WHAT YOU SHOULD DO: Word for word, and without a single picture, repeat the entries.

TASK MATERIAL:
◇ ◇ ◇ ◇ ◇ ◇ ◇

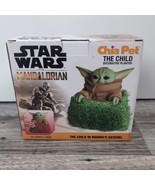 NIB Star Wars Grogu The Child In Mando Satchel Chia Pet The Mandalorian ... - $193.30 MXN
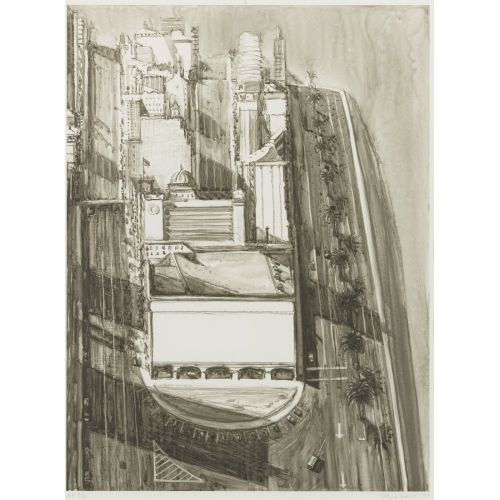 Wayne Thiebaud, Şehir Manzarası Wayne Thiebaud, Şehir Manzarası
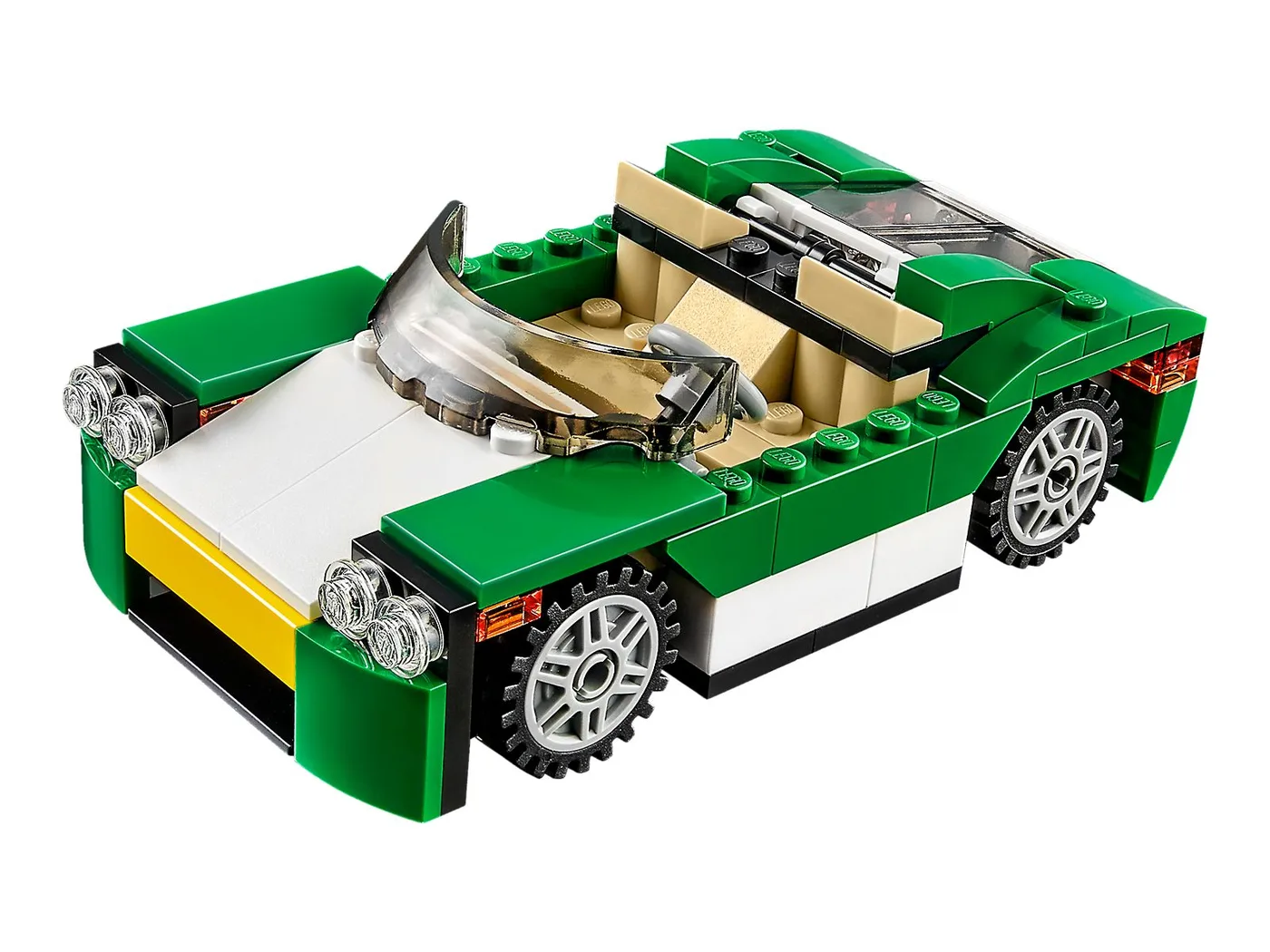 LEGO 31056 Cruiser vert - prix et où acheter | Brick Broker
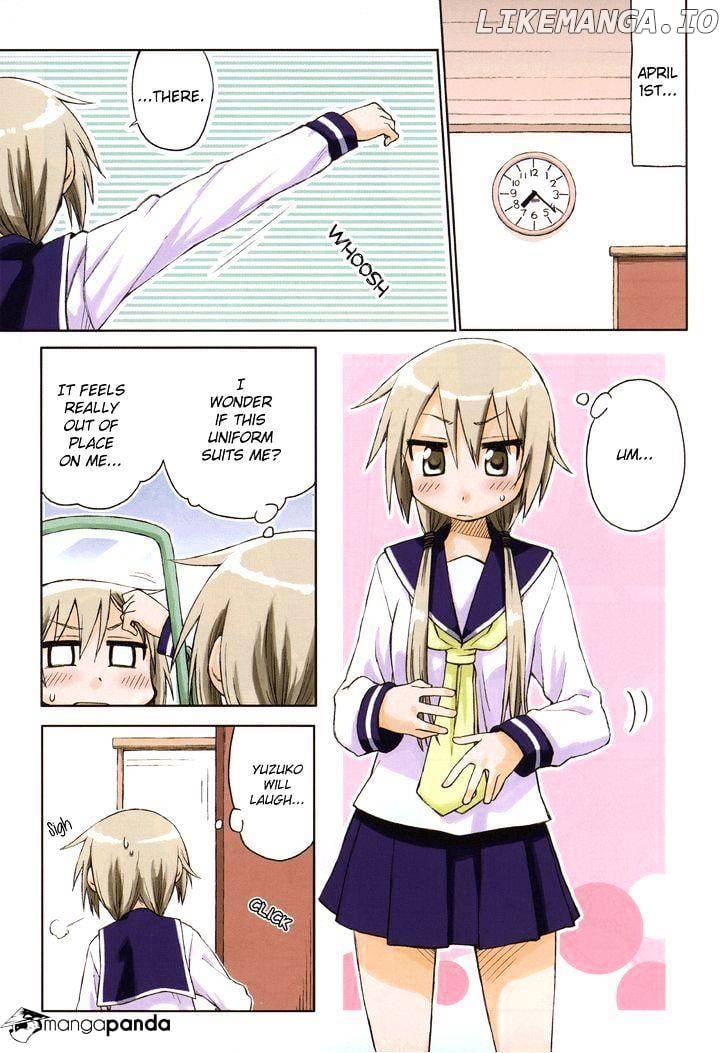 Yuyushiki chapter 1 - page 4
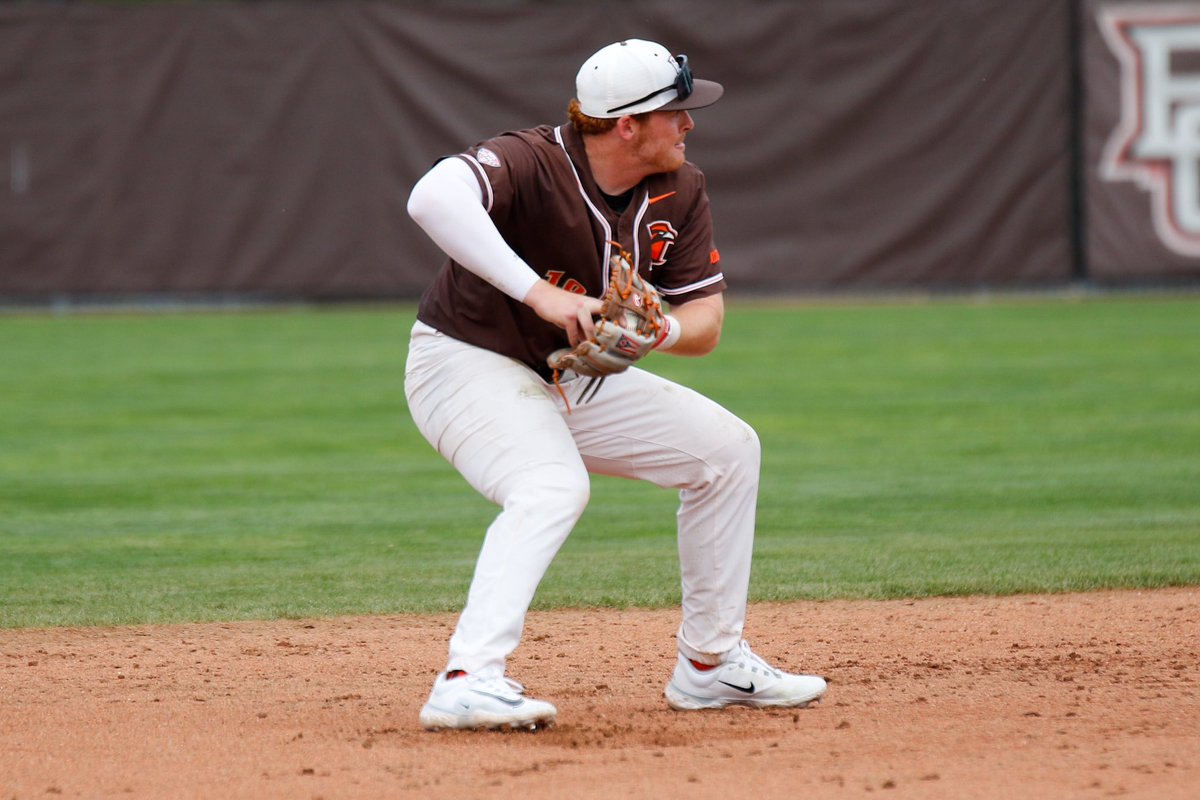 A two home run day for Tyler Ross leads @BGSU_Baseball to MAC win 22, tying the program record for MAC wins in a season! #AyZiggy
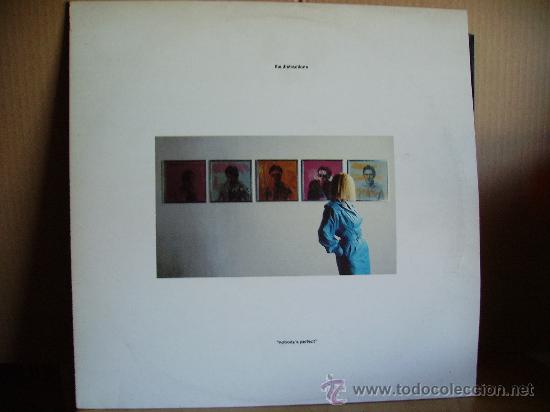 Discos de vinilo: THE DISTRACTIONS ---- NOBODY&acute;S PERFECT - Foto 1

◇ ◇ ◇ ◇ ◇ ◇ ◇

FINAL ANSWER:
 NIB Star Wars Grogu The Child In Mando Satchel Chia Pet The Mandalorian ... - $193.30 MXN
 Wayne Thiebaud, Şehir Manzarası Wayne Thiebaud, Şehir Manzarası
 LEGO 31056 Cruiser vert - prix et où acheter | Brick Broker
 Yuyushiki chapter 1 - page 4
 A two home run day for Tyler Ross leads @BGSU_Baseball to MAC win 22, tying the program record for MAC wins in a season! #AyZiggy
 Discos de vinilo: THE DISTRACTIONS ---- NOBODY&acute;S PERFECT - Foto 1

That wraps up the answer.